The airbag is the more common name for the Supplemental Restraint System (SRS)—supplemental because it’s intended to support seatbelts in keeping passengers safe. In the event of a crash, they need to slow down a passenger’s forward motion as evenly and as quickly as possible. If the car’s computer senses sudden deceleration (usually the equivalent of hitting a brick wall at 10 to 15 mph), it activates a chain of events in the blink of an eye.
The vinyl panel on the front of the airbag unit is designed to break apart instantly when the airbag expands, without creating stray debris that could injure the driver. There’s an indented break line running across this airbag’s front cover.

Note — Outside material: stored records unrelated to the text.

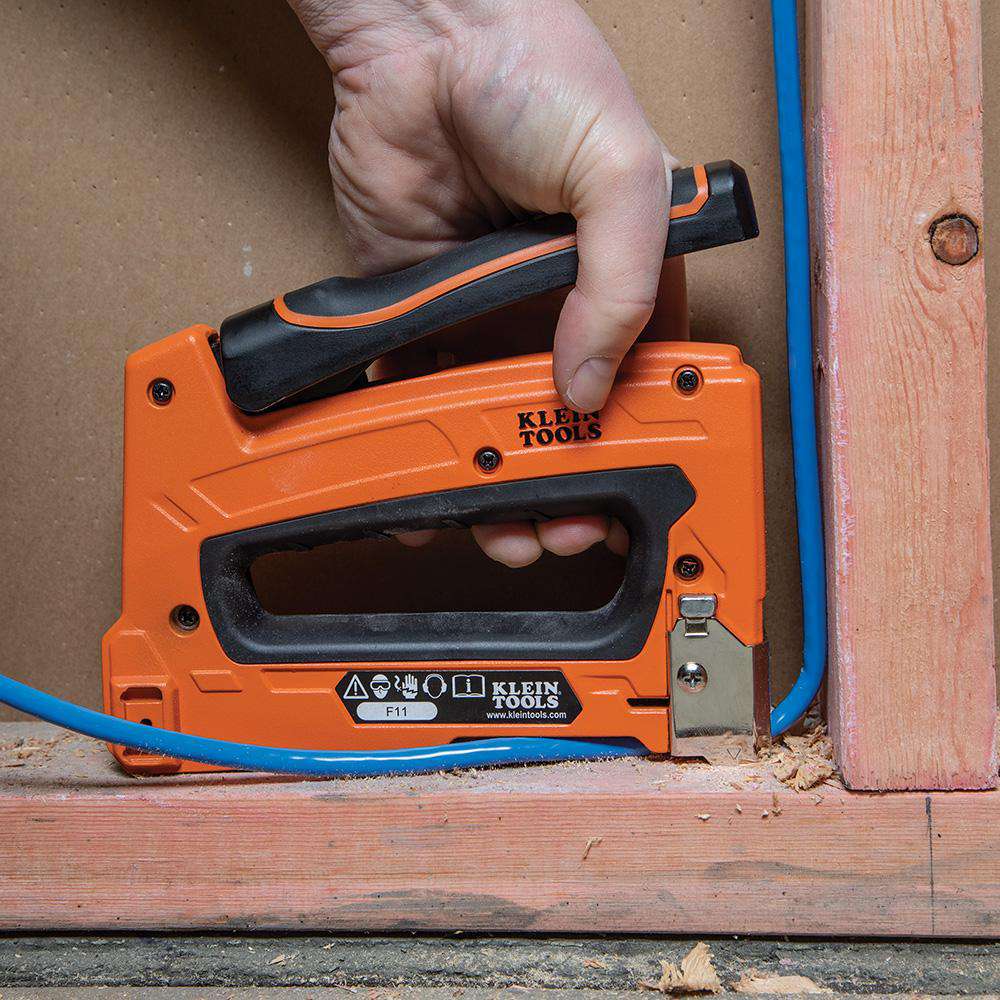 Klein Tools 450-100 Loose Cable Stapler - Edmondson Supply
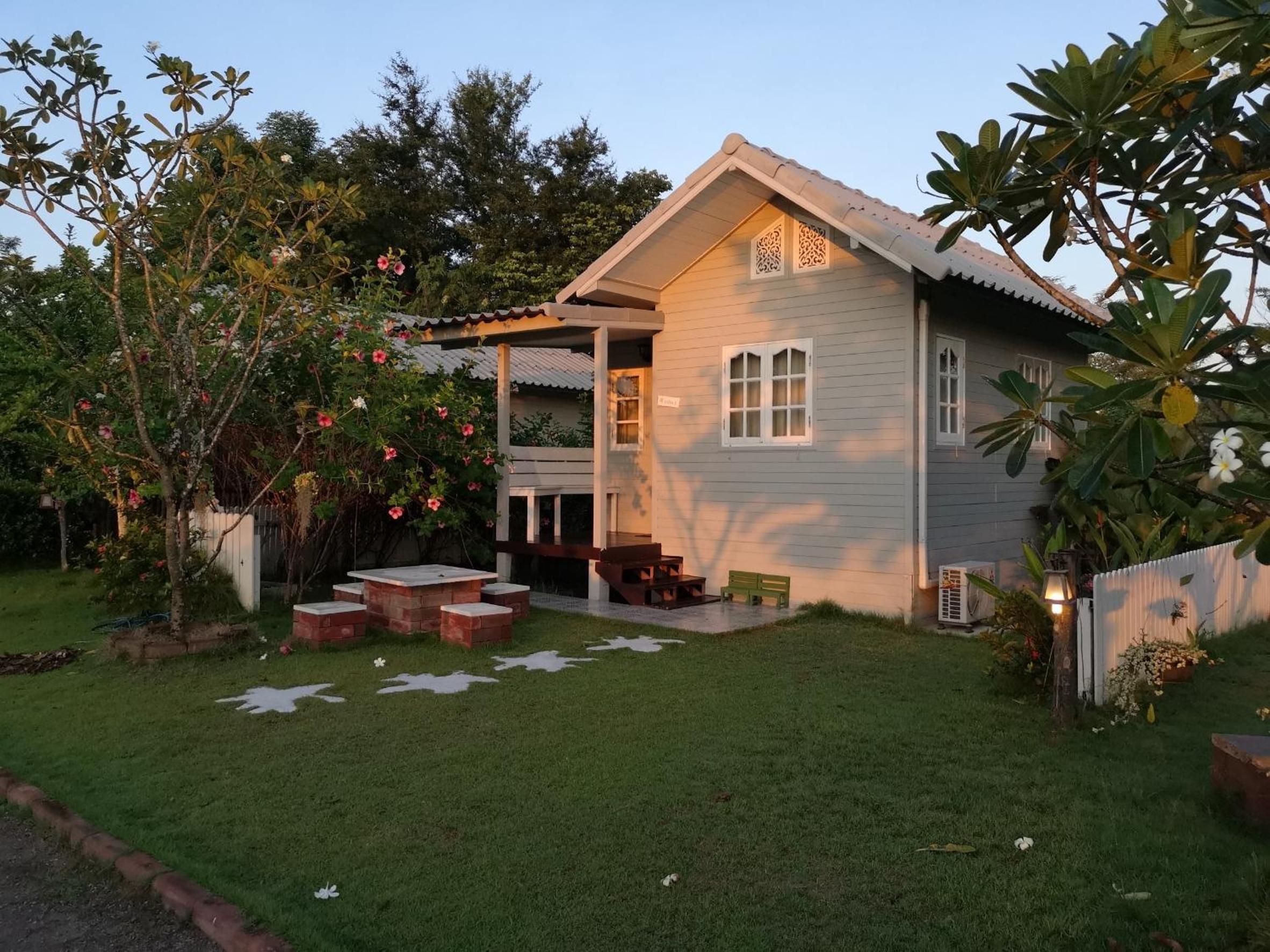 Terrua Main Ten Villa Garden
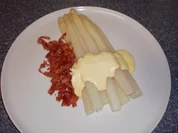 Spargel mit gebratenen Schinkenstreifen - Rezept
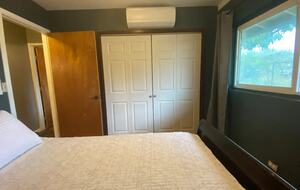 Waianae Retreat | Spacious 5 bedroom home + Cottage, with an open layout & AC - Waianae, Hawaii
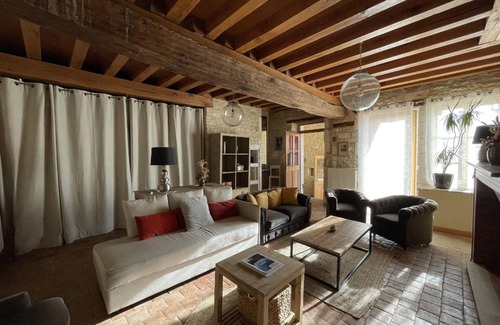 Saint-Cyr-les-Colons House | 440 m² House ∙ 7 bedrooms ∙ 18 guests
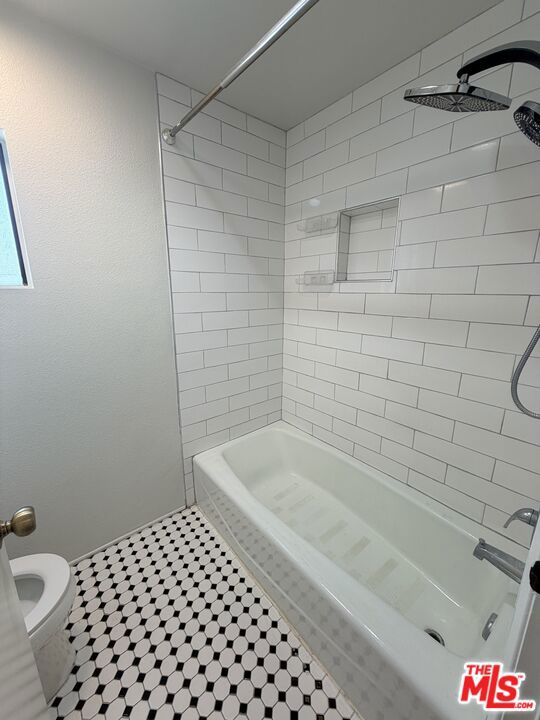 2809 Montrose Avenue 10 Property Photo 33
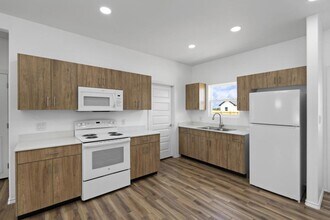 1504 Unity Dr in Mercedes, TX - Building Photo - Building Photo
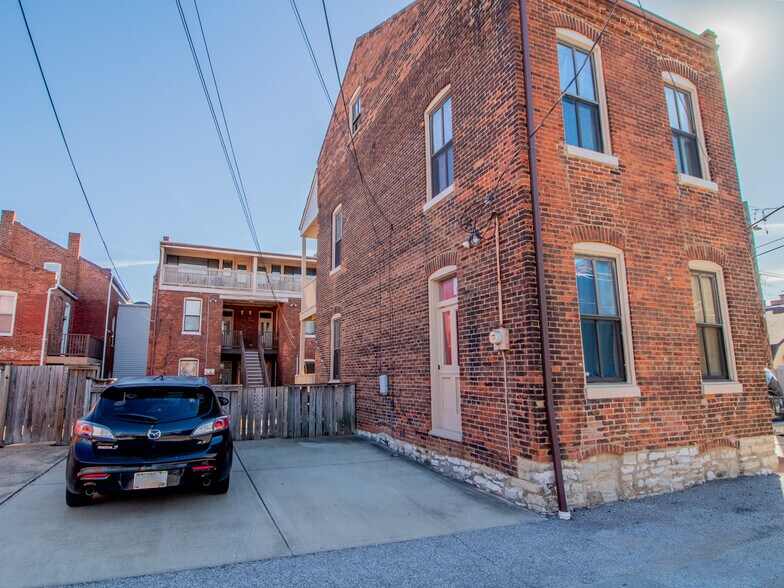 More Photos Of 2007 S 11th St, Saint Louis Apartments For Sale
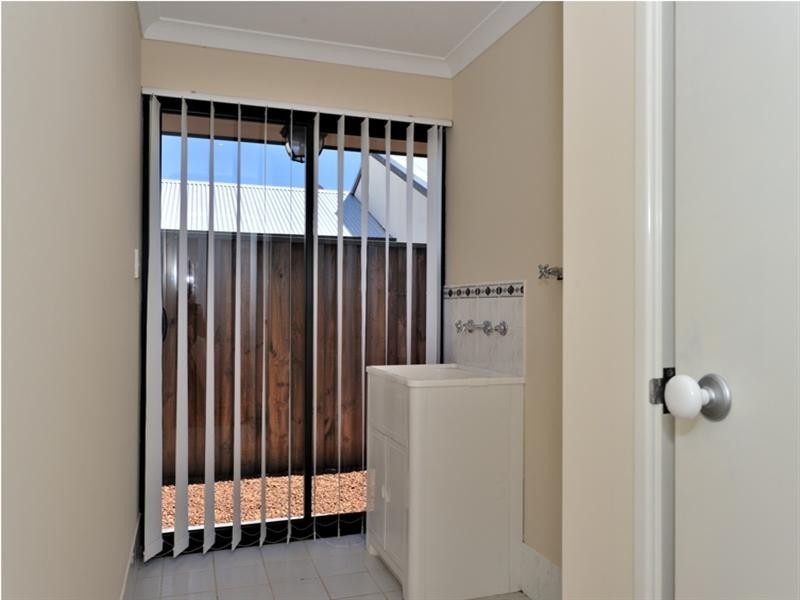 10 Coniston Drive, Ellenbrook WA 6069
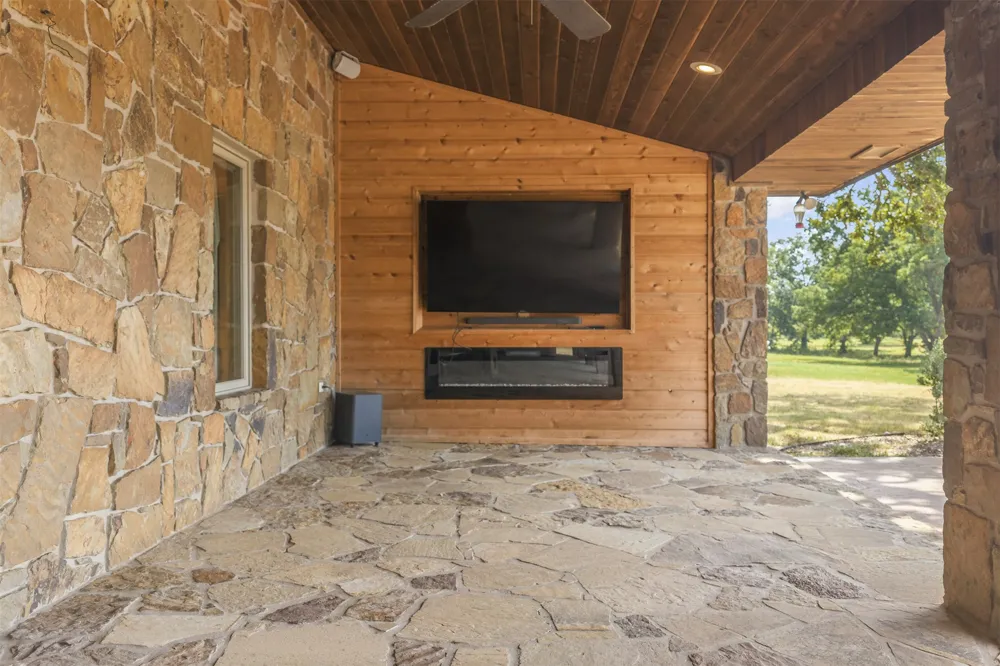10500 S Greasy Bend Mannsville, OK 73447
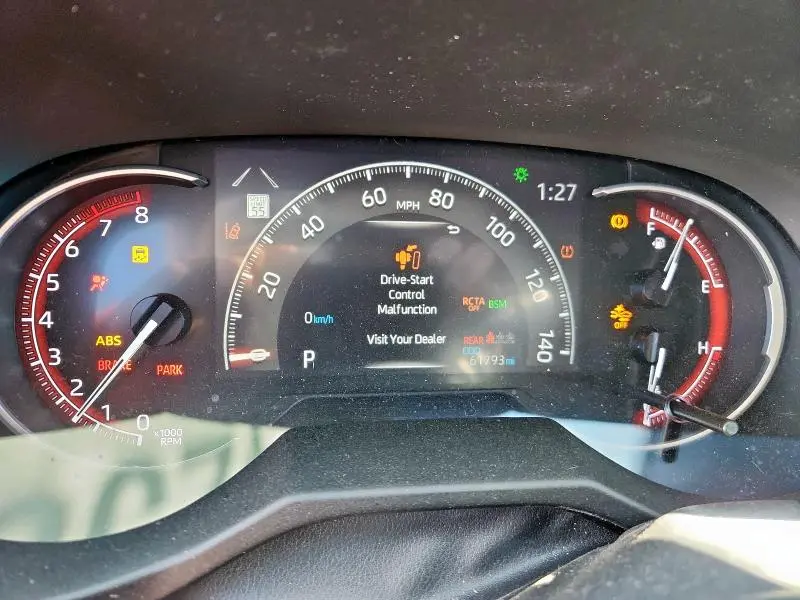 2023 TOYOTA RAV4 XLE  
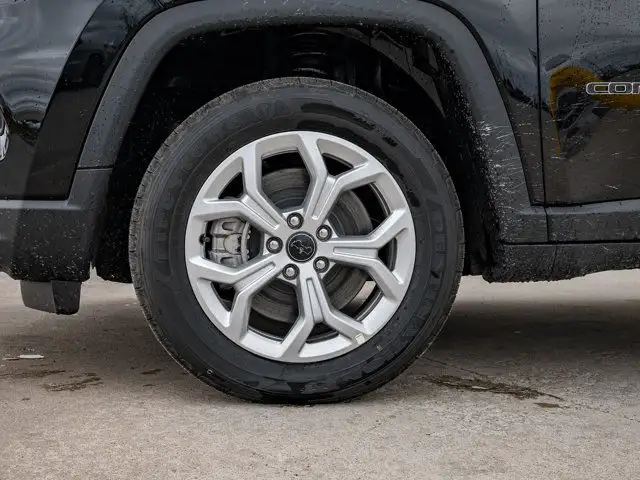 2025 Jeep Compass North in Cars & Trucks in Barrie - Image 15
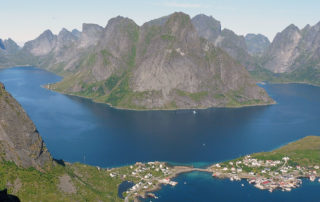 Blick über Meer und Berge vom Reinebringen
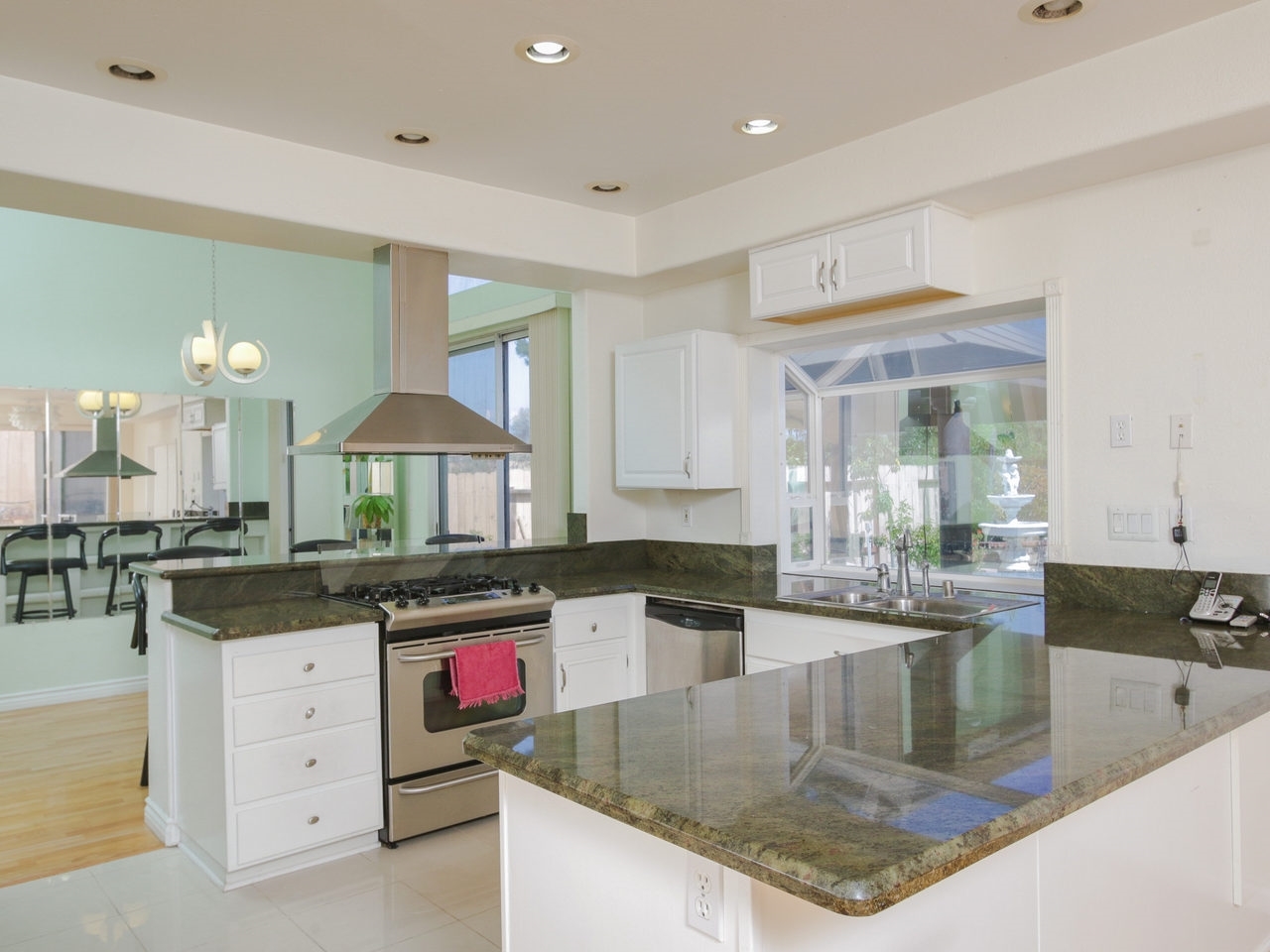 1957 Versailles Road Chula Vista, CA 91913 - Photo 9 of 22 Gallery Image 9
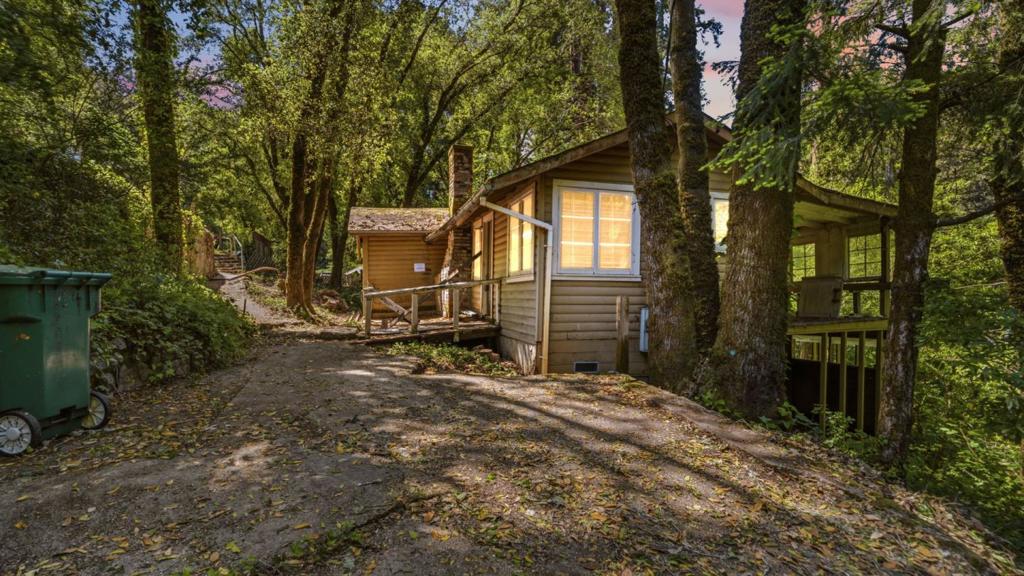 main property photo 50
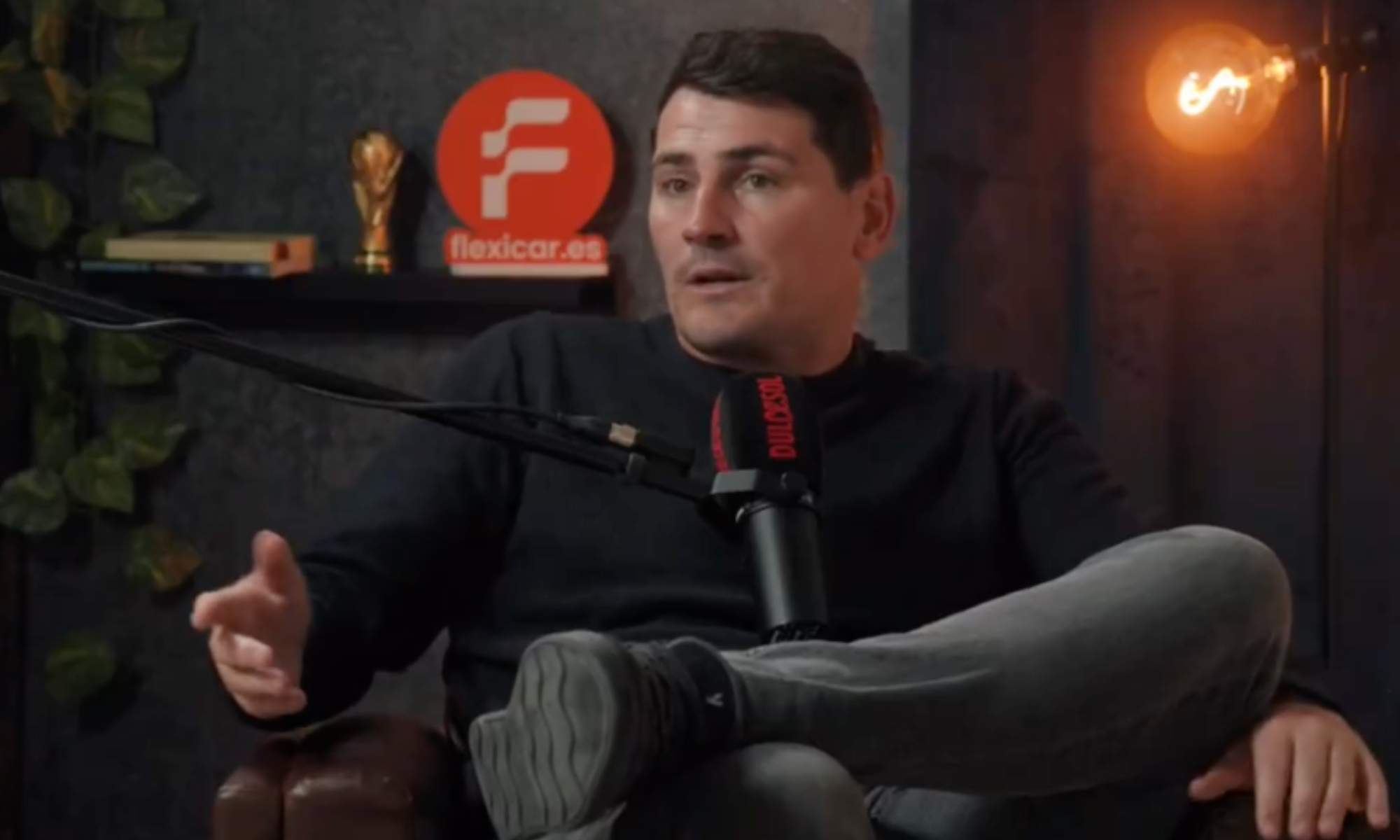 Iker Casillas ha sido crítico con el 'caso Negerira', hasta el punto de sentirse engañado y "jodido" con el caso de corrupción más grave de la historia de nuestro balompié.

The airbag itself is folded into two neat coils, tightly packed above and below this line. It’s coated with cornstarch or talcum powder to keep it pliable and ready to unfurl at all times.
In this view, we’ve adjusted the opacity to show only metal components. There’s a big metal cylinder in the center of the airbag assembly. Now we'll see what's inside...
When the car’s computer detects a crash, it sends current through an igniter that heats up this inflator cylinder filled with pellets of sodium azide, a solid chemical propellant similar to rocket fuel. The sodium azide burns rapidly and releases harmless nitrogen gas to inflate the airbag in less than one-twentieth of a second. The bag is fully inflated for only one-tenth of a second and almost completely deflated by three-tenths of a second after the initial impact.